### Dataset section
········

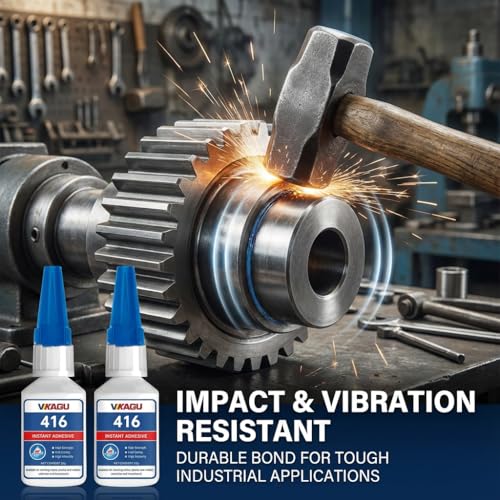 416 Super Bonder Instant Adhesive Clear for High Temp & Vibration 20g Suitable for Metal Plastic and Rubber 2 Pack - size: 416, style: 2 Pack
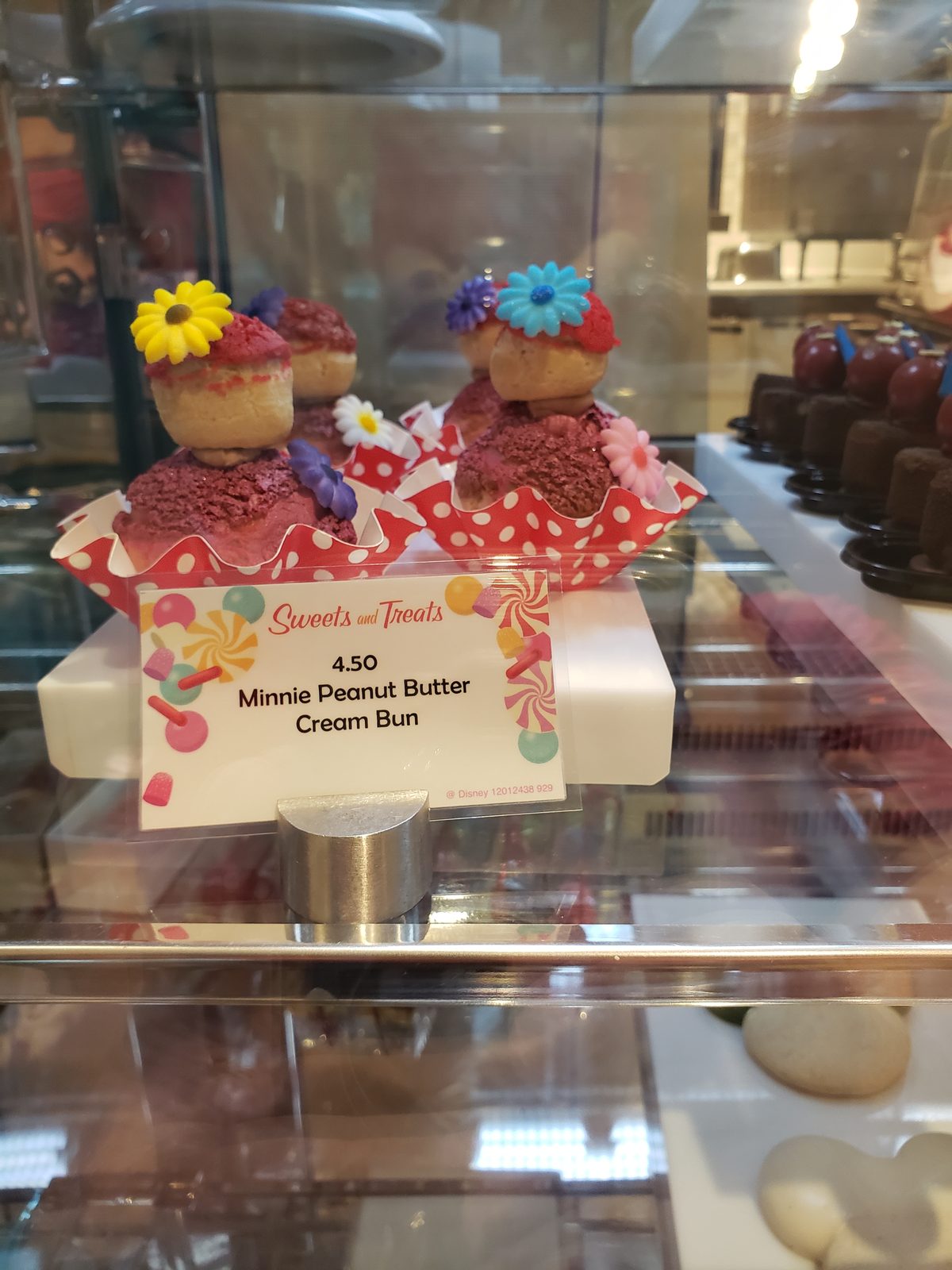 Minnie peanut butter cream bun at Vanellope's Sweets and Treats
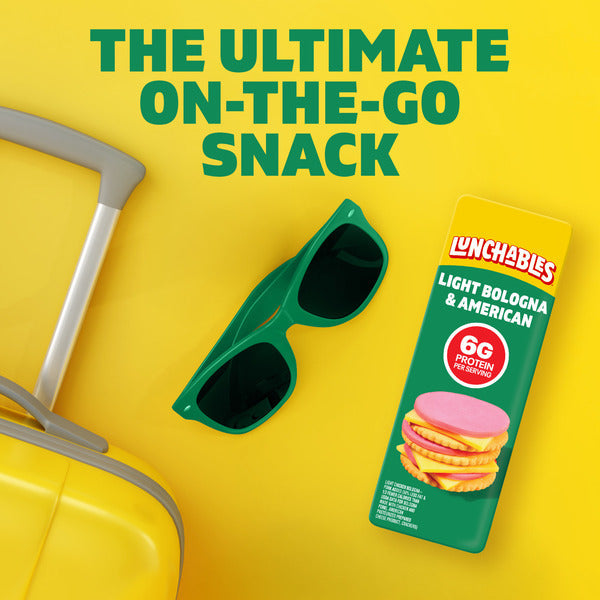 Lunchables Light Bologna & American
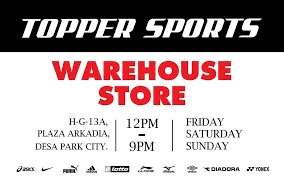 Public · hosted by royal sporting house malaysia. Topper Sports Warehouse Sale At Plaza Arcadia Desa Park City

········

### What you should do
Wherever the listing shows a picture, omit it and output the rest exactly as given.

### Response area
 416 Super Bonder Instant Adhesive Clear for High Temp & Vibration 20g Suitable for Metal Plastic and Rubber 2 Pack - size: 416, style: 2 Pack
 Minnie peanut butter cream bun at Vanellope's Sweets and Treats
 Lunchables Light Bologna & American
 Public · hosted by royal sporting house malaysia. Topper Sports Warehouse Sale At Plaza Arcadia Desa Park City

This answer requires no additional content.